_Records supplied_
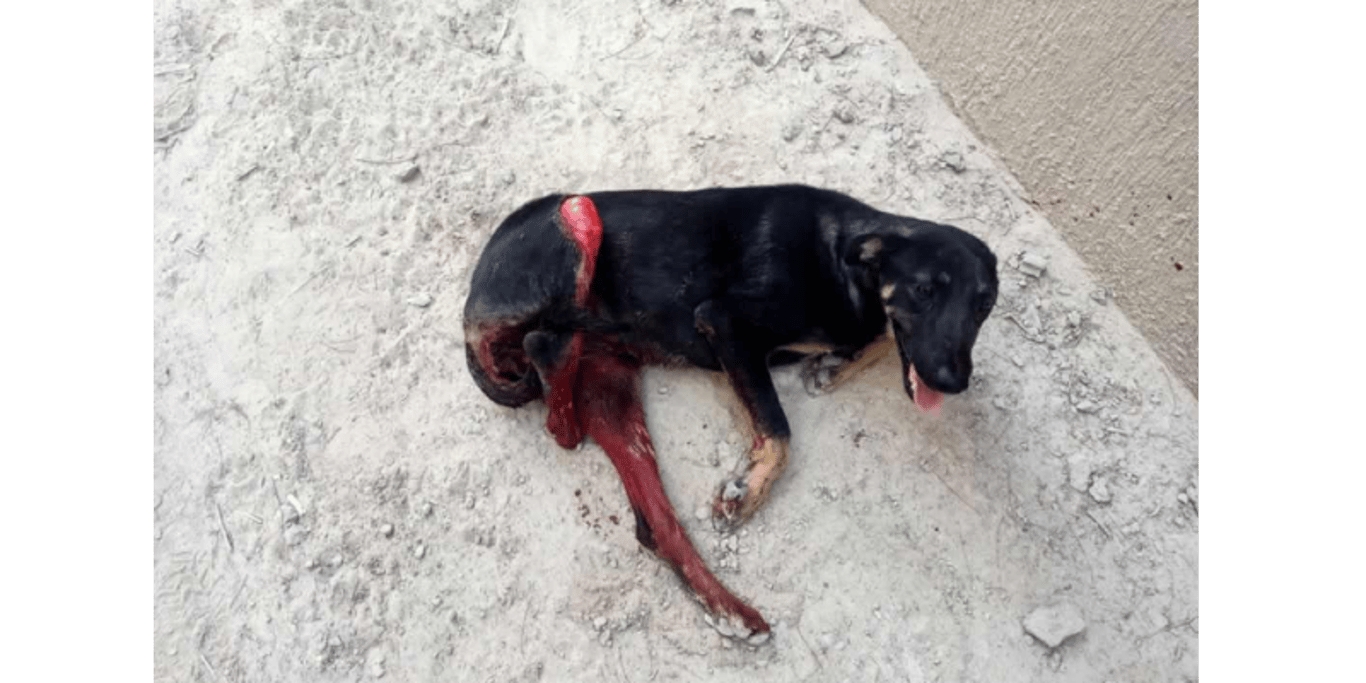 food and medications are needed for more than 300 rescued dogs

* * *

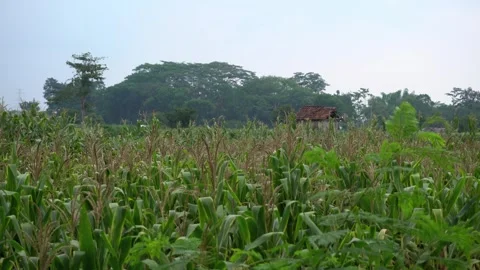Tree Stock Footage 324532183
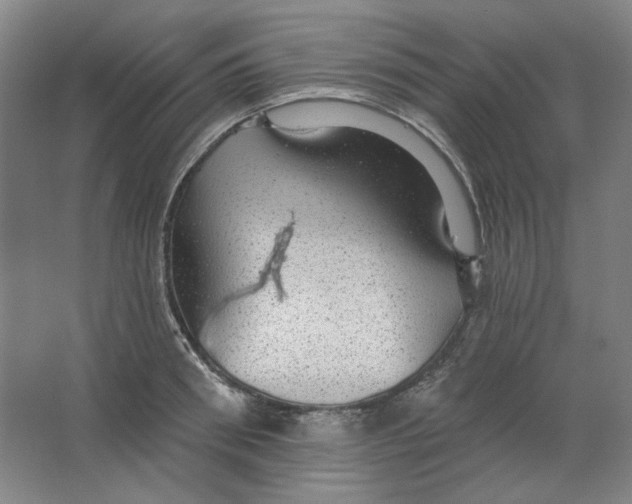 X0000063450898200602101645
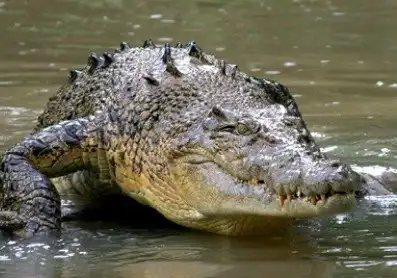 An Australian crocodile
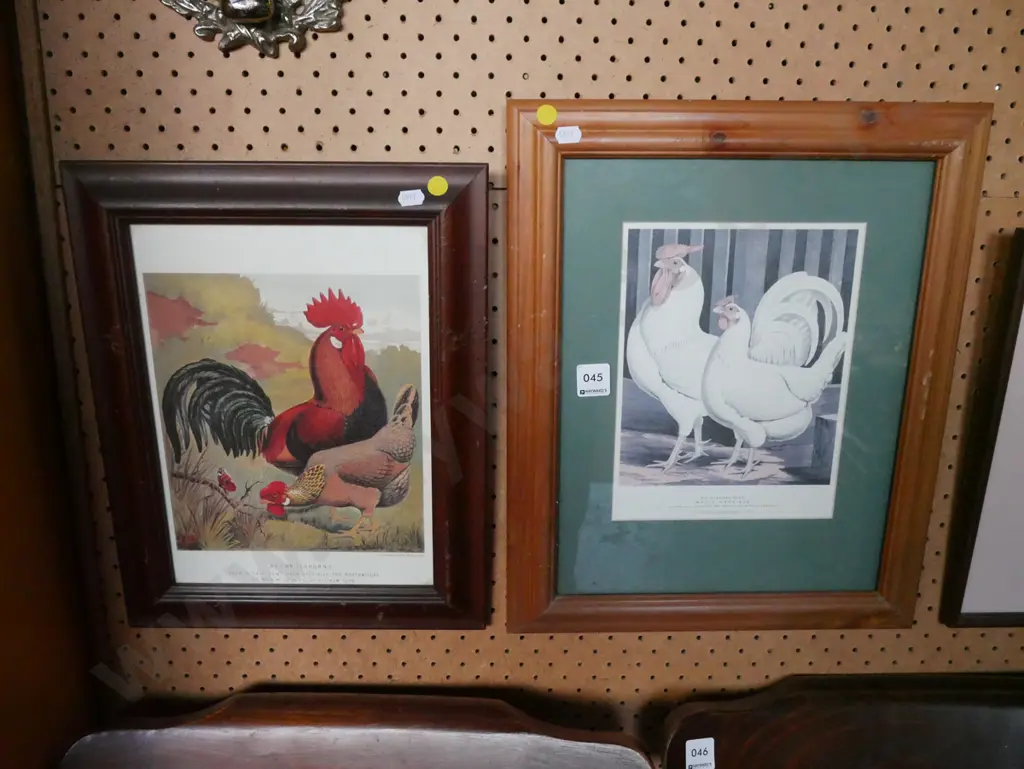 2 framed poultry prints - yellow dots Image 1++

_Work to complete_
Out of the records above, please copy exactly the lines from the line with "X0000063450898200602101645" up to and including the line with "2 framed poultry", minus the pictures.

_Answer space_
 X0000063450898200602101645
 An Australian crocodile
 2 framed poultry prints - yellow dots Image 1++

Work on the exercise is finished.